Il existe entre la femme et l’homme une confrontation ardente que le romancier ne cesse d’évoquer. La femme possède un grand nombre de qualités: elle est jeune, belle, lucide, active, inspiratrice, médiatrice … tandis que l’homme est, dans beaucoup de cas, vaniteux, lâche, désespéré, impuissant, inactif. Demandons-nous pourquoi P.-J. Remy veut créer ce contraste? Quelle est la signification de cette opposition? Citons d’abord quelques exemples qui marquent la différence entre ces deux mondes.

Dans La Vie d’un héros, toutes les femmes sont intelligentes, lucides et discrètes. Elles constituent l’âme du roman, conduisant une à une le héros Xavier, de vieillard en vieillard jusqu’à son père inconnu (cf. VUH 692). En revanche, les hommes sont tous imprégnés de vanité et de violence. Rappelons-nous les traits de la mère de Xavier:

‘“à la fois attentive et généreuse, lumineuse et qui, dans le même temps, [possède] des pouvoirs plus obscurs, des forces souterraines, une sagesse d’au-delà la seule raison” (ibid. 691). ’

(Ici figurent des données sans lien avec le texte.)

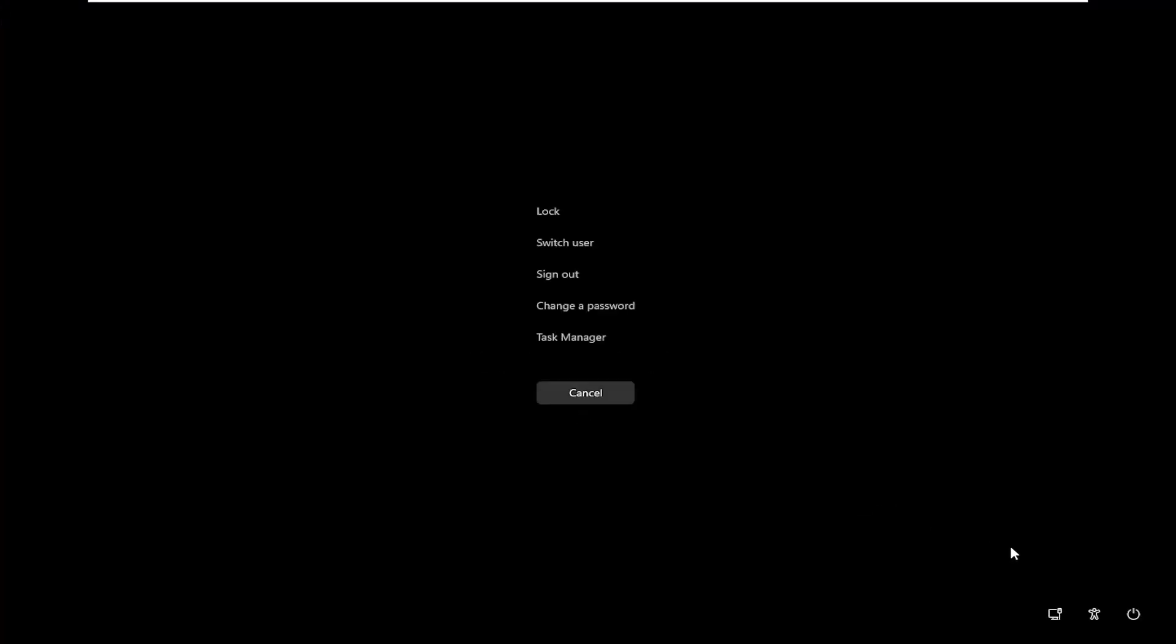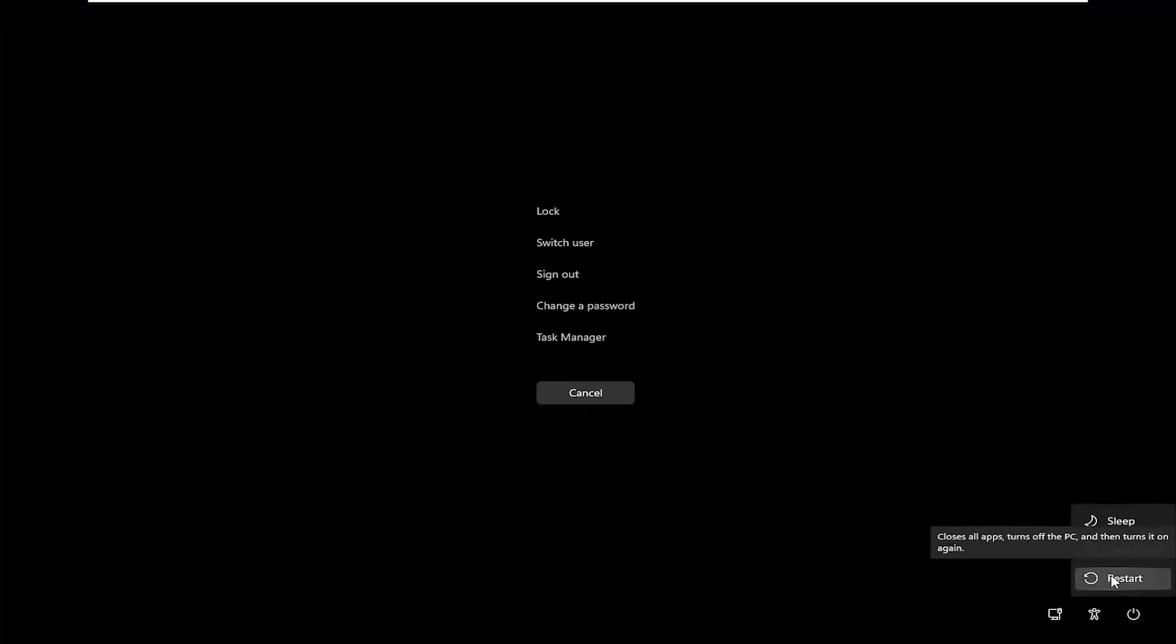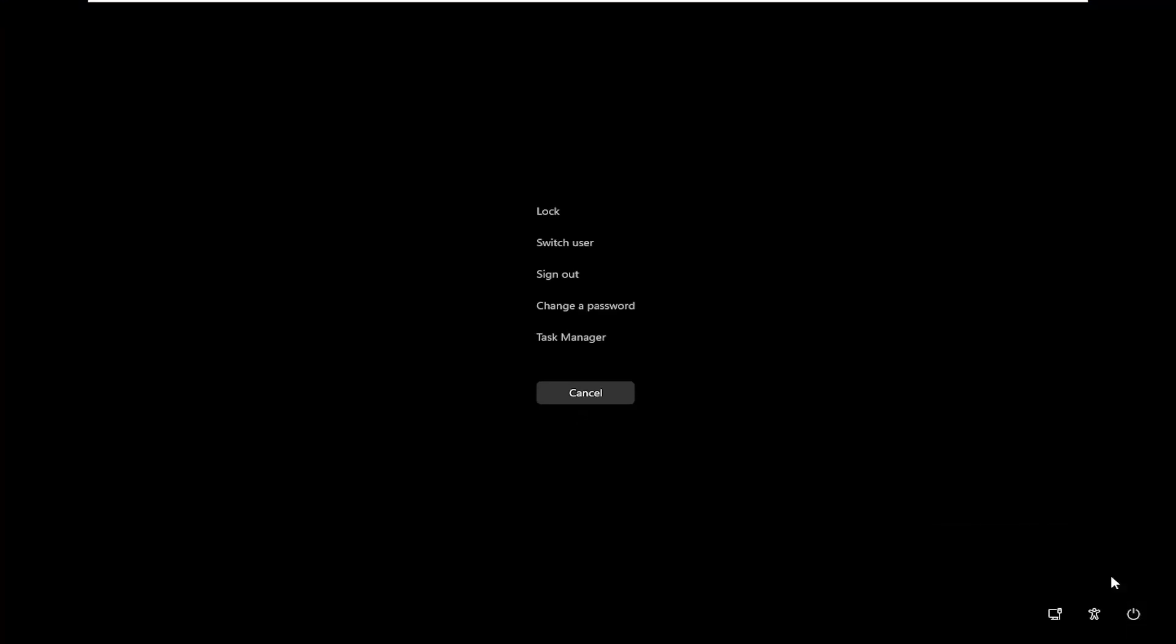Then you want to select the power button in the bottom right corner and then select the restart button. Go ahead and click on that.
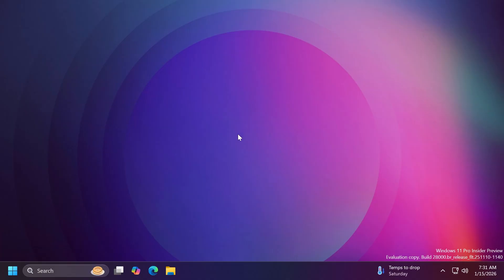There's also a known issue in this build — the build number is shown incorrectly in the desktop watermark. It should be 28020.VB release, but that's not a particularly significant known issue.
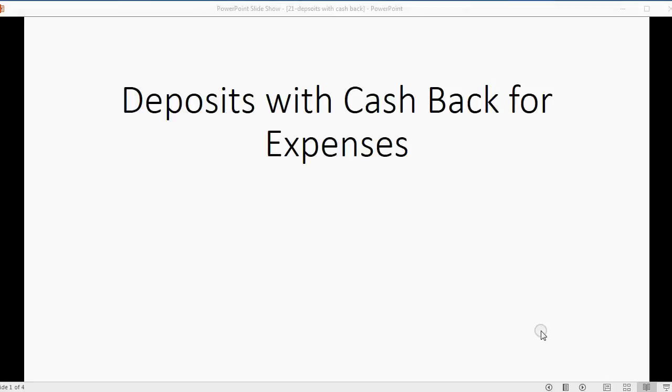Now we will learn how to record deposits with cash back for expenses.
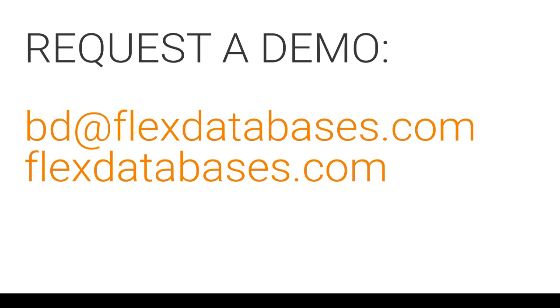That's pretty much it. Thanks for tuning in and let us know if you want to dive into details. Request a demo via our website or send us an email to bd at flexdatabases.com. Have a great day!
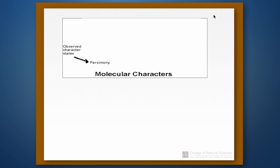This is the second part of the video on how to do phylogenetic reconstruction using molecular characters. At this point we've gotten our characters, we've done an alignment, and we go straight to parsimony. You might ask why we aren't first trying to figure out homologies and then synapomorphies — but with molecular characters we can't do any of those things, so we go straight to parsimony.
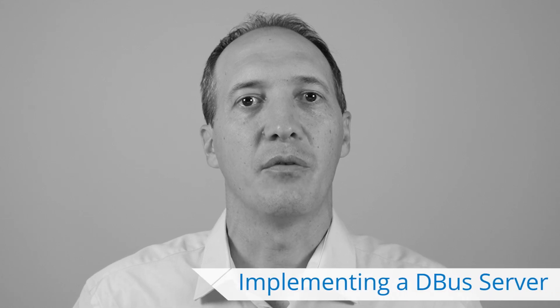Hello, my name is David Foer and I work for KDAB. In this video, I would like to tell you about D-Bus and to show you how to implement a D-Bus server and later on we'll talk about implementing clients.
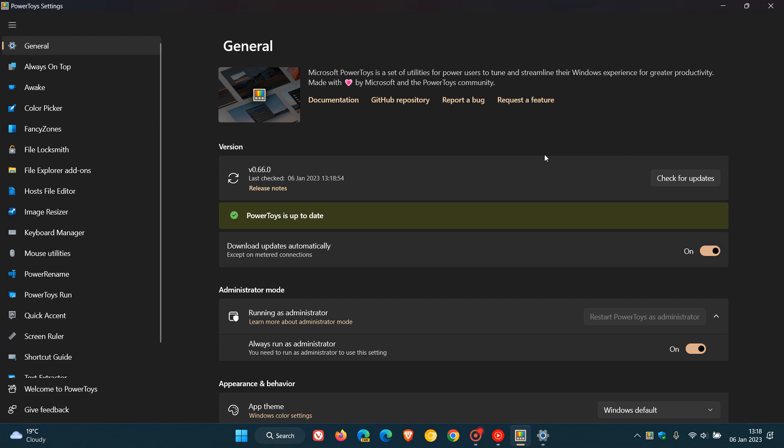This is quite a significant update, as it does bring some key changes and highlights in this latest release. And if you have experienced any issues while using PowerToys since the last update,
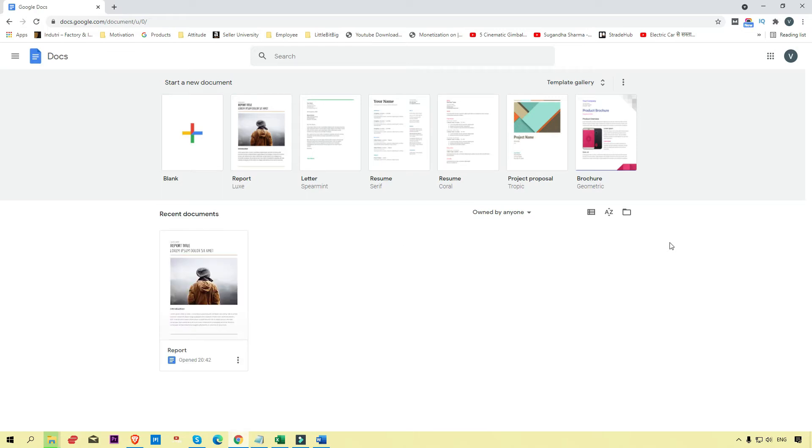Make sure to log in with your Gmail account. You will see this dashboard. Now we're going to open this Google Doc.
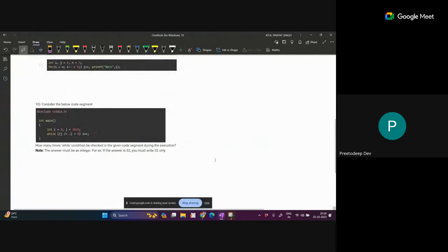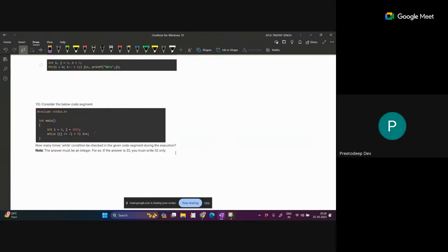Do-while loops are also part of the syllabus. Some things are not discussed in the lecture but were discussed in the last sessions. Since the for loop is discussed, you should also go through the do-while because it also comes under loops. If instead of a while loop we had a do-while loop, we would have one fewer condition check because we first perform the statement then check the condition.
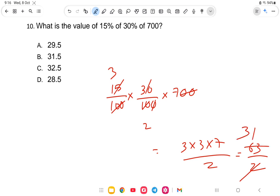Calculating: it comes to 63 divided by 2, which is 31.5. So the answer is 31.5. With this, the video on simplification is completed. I hope you have understood. Thank you for watching and I wish you all the best!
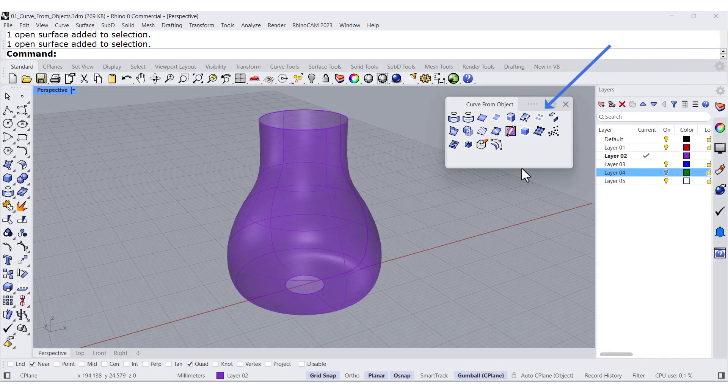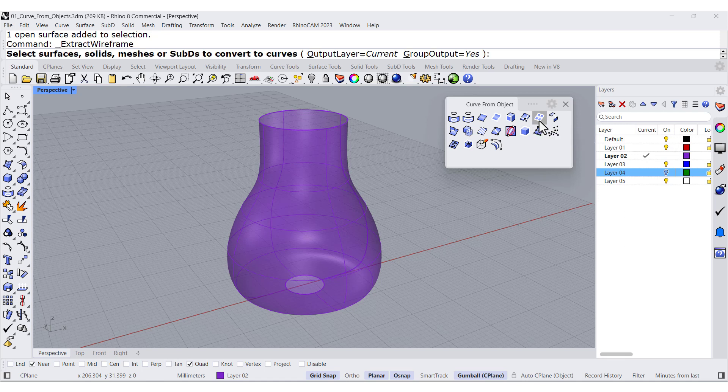Let us take a look at Extract Wireframe. So I'm going to extract the wireframe. And please notice, I can do it to subdisc, meshes, solex, etc.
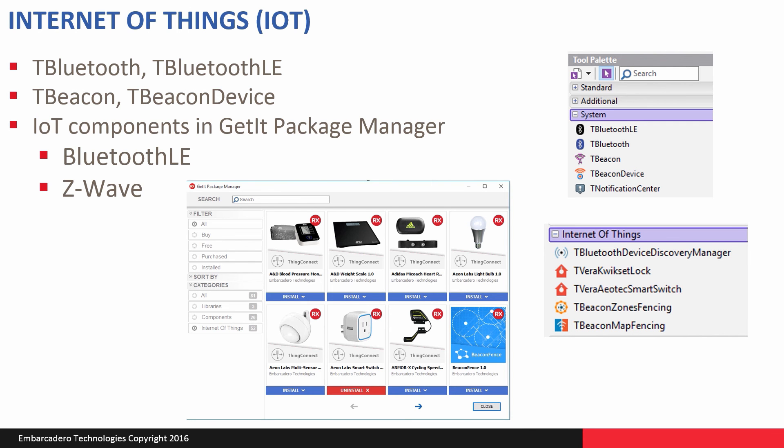That's how easy it is to use prebuilt components and samples that come out of GetIt Package Manager to get started programming with the Internet of Things in the devices you have or the beacons you have to get yourself started doing mobile application development. The power of components and the power of sample code to get you started very fast.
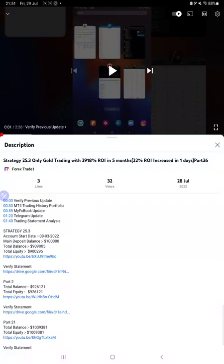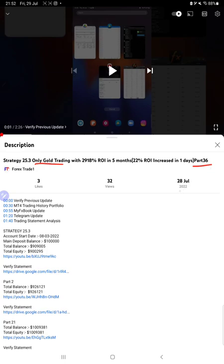Hello everyone, welcome to Forex Trade 1. Today we are updating about Strategy 25.3, which is only gold trading, Part 37. The last video was Part 36, published on 28th of July, and today we are back with a new update. As you know, in the YouTube description you can get the strategy details, profit update, and trading account statement.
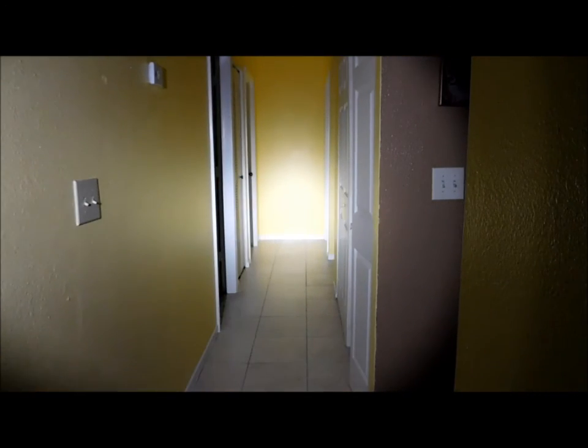Next up we have the Mission First Tactical Backup Torch. As you can see it is very dim in comparison to those lights.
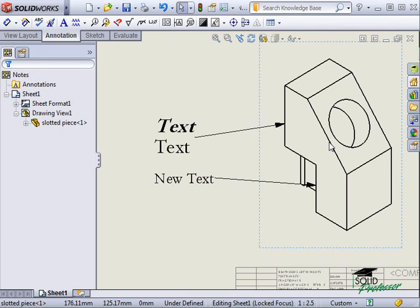You will find further information regarding notes in the section entitled Creating Custom Sheet Formats. See this section to learn how to create smart notes that update automatically to display typical information such as material, scale, author, and so on.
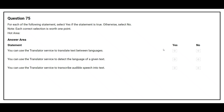Question number 75. For each of the following statements, select Yes if the statement is true, otherwise select No. Statement one: You can use the translator service to translate text between languages. The correct answer is Yes. Statement two: You can use the translator service to detect the language of a given text. The correct answer is Yes. Statement three: You can use the translator service to transcribe audible speech into text. The correct answer is No.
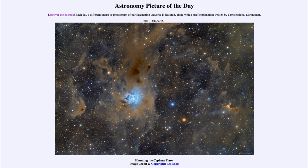And here we see a similar type of thing occurring with the dust here in the Cepheus Flare. So that was our picture of the day for October 29th of 2021, titled 'Haunting the Cepheus Flare.' We'll be back again tomorrow for the next picture, previewed to be 'Of Light and Shadow,' so we'll see what that's about tomorrow.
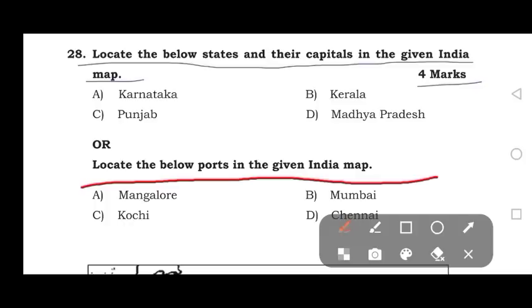Also locate the below ports in the given India map. The ports to be located are Mangalore, Mumbai, Kochi, and Chennai.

Cette mère est placée sous le signe de “la Reine de la Nuit”, mais son rôle est tout à fait positif. Elle n’est pas la présence maléfique que Mozart a introduite au coeur de La Flûte enchantée et qui a bloqué le chemin de la vérité et de l’amour. Au contraire, même morte, elle reste toujours la lumière, l’amour et la vérité, tandis que le père, vivant, se cache d’une manière obstinée dans l’obscurité en soutenant la violence. Le romancier a confirmé lui-même la différence et la confrontation entre l’homme et la femme:

‘“Le véritable sujet de La Vie d’un héros, c’est la guerre des sexes, l’impossibilité qu’ont les hommes d’être fidèles à eux-mêmes, la facilité avec laquelle ils se livrent à toutes les compromissions!” 52

La confrontation acharnée de ces deux forces existe également dans Une Ville immortelle et Aria di Roma. Dans le premier livre, les femmes, représentées dans l’art et dans la ville, incarnent la jeunesse, la beauté, le charme, la fascination et la puissance, tandis que les hommes sont vieux, laids, vaniteux et impuissants. Dans le deuxième, les femmes identifiées à la force souterraine et à une Rome antique lancent un défi aux hommes, qui devraient réaliser chacun un chef-d’oeuvre. Mais face à cette puissance féminine, les hommes sont tous perdus et vaincus.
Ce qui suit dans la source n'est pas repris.